The opposition is confused, swinging between distancing from and debunking the Hindu identity to appropriating it. It may need to reinvent so that cultural symbolism can connect with social and economic demands. It may also have to promise a radical social agenda: universal schooling, a basic income scheme, and so on. These can renew the hope and optimism that the current regime has almost dismembered. Universal concerns often lack symbolic and emotional appeal, but then, it is the task of the opposition to invent a language that can link a particularistic location and imagination with universal expectations.

The opposition may have to call the bluff of the supposed threat to Hindus and project the track record of the current regime as ridden with failures. For example, it can focus on how the government has failed to make Hindus more secure. Instead, the majority community has only slipped into more insecurity and misery. It will have to convince the majority community that not chance but the compulsions of majoritarian politics are the reason for their growing insecurity. It will have to put across that they have been less fortunate in the last nearly one decade and slipped on all critical indicators. It may also have to remind the Hindus that they were doing better between 2004 and 2014. Keeping this complex narrative simple yet cogent is the key to their success.

The Modi-Shah combine, alongside the RSS, have made concerted efforts to disempower the electorate so that they feel dependent on Modi. The self-confidence of the nation is at an all-time low. The voter needs to feel empowered again, regain dignity and self-esteem. The opposition needs to wrest voters from the circle of disempowerment, which feeds their urge for bold, masculine leadership. Mamata at the helm of such a campaign in itself marks a new symbolism. But the opposition camp needs to be conscious that voters have been pushed into this underlying vortex.

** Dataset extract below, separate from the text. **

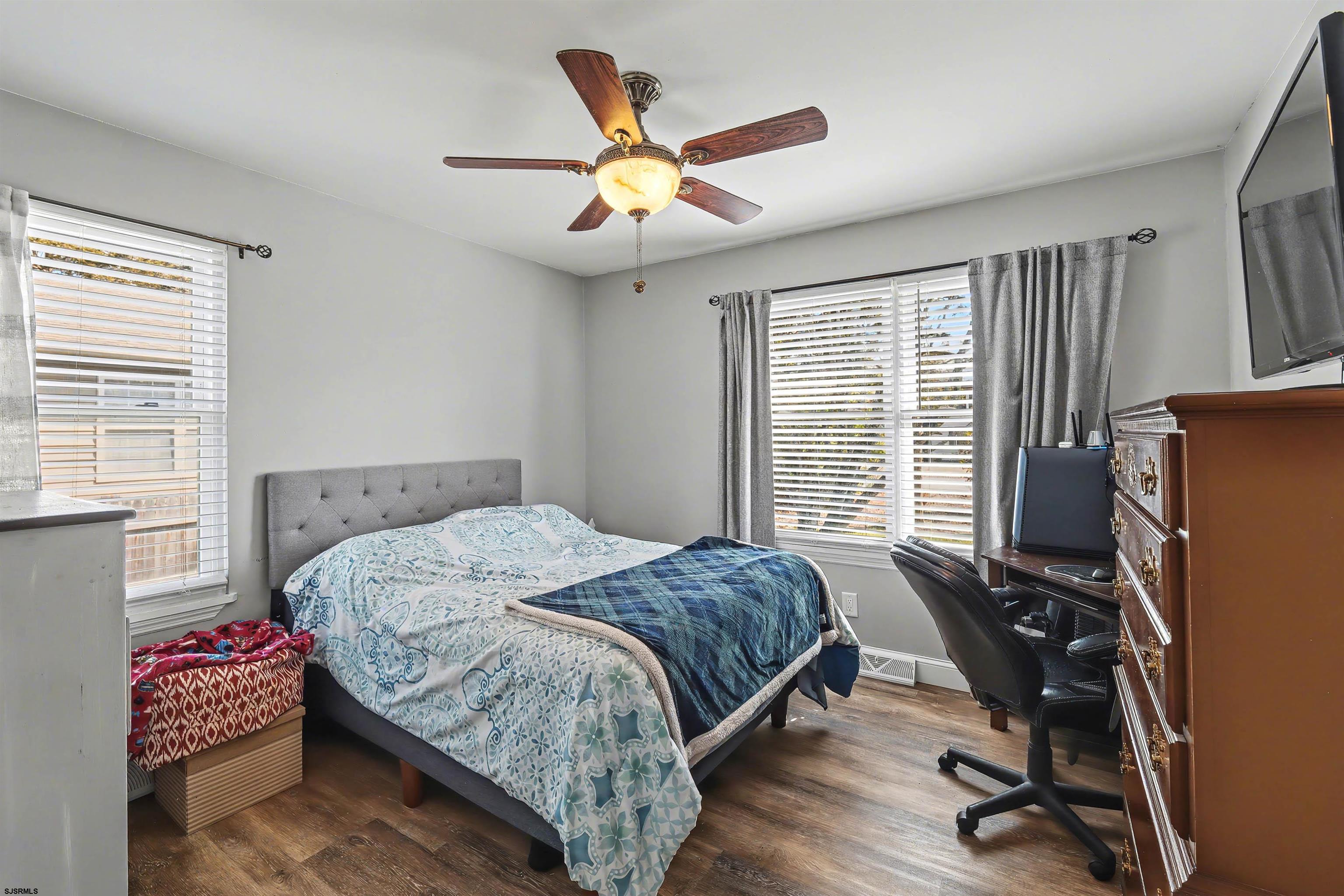 655 Weilers Lane Absecon, NJ 08201 - Photo 14 of 31 a bedroom with a bed and a desk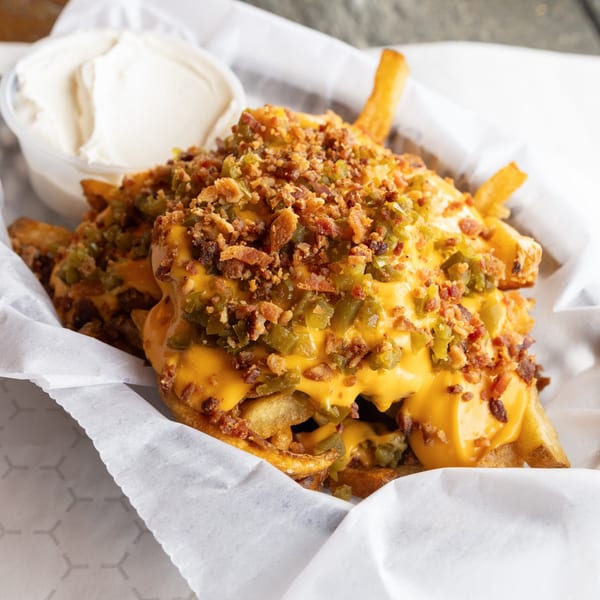 GoldBurgers' loaded fries with melted cheese, jalapeños, bacon bits, and a side of dipping sauce.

Only after it has thrashed out the nuances of a concrete strategy will information, data and constituency-wise analysis work. More important than any of these is the appeal of a new political formation. Drawing clues from Mamata’s campaign; she retorted to every narrative the BJP manufactured, not ignoring even the slightest criticism or false campaign. And this eventually built the necessary momentum for her electoral gains in the recent West Bengal Assembly election. It is a strength of the authoritarian politics of the BJP that it takes every possible critique seriously to counter it, not necessarily address it. Every criticism offers the voter a vantage point from where to imagine and make sense of the remaining campaign. Issues need to be understood as a way to frame reality.

Since 2024 will be, by far, the most crucial election, beginning early to get all these factors right is indispensable for the opposition.

The writer is Associate Professor at the Centre for Political Studies in Jawaharlal Nehru University, Delhi. The views are personal.